Converting both my lawnmowers, a 42" riding junker and a 19" electric for trimming, to mulching deck configurations and "composting in place" by just letting the (mulched) clippings lie where they fall now works well enough that I have virtually nothing that I can usefully add to the compost bin.

In our previous home, multiple oak trees would drop about three "full-size pickup truck loads" of leaves each year, but if I "mowed" them to mulch before they got more than about 2 - 3 inches deep they disappeared - in place - much more quickly than if I collected them, ran them multiple passes through the chipper (for a 6 to 1 or more reduction in volume), and piled them somewhere.

I still maintain a small compost bin in a corner of the back yard for the rare cases when I have to crop out occasional taller weeds, and it gives me a place to put stuff that would otherwise just be a load on the landfill (and that I'd have to chip or chop to get into the trash), but the minuscule amount of "compostables" that I find isn't particularly productive. Even if, rarely, we "weed" our few decorative plantings, just throwing the clippings out on the lawn and "mulching" them at the next mowing seems the most effective way of re-incorporating them into the lawn.
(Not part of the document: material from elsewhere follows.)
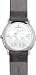 Imagen de JUNGHANS Reloj para Hombre Titanio 059/2021.02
We have a rather small lawn now, around 3,000 square ft, and only a couple of fairly small trees; but this system worked about as well at our previous home with around 12,000 ft2 and lots of mature trees (5 oaks and three elms, all 50+ years old, with lots of leaves).

Everyone with "a yard" or garden should have at least a small bin or pile, and those who have food gardens can benefit a lot from composting; but in our case "in place composting" with a mulching mower is definitely the most effective method for handling most of the excess vegetation.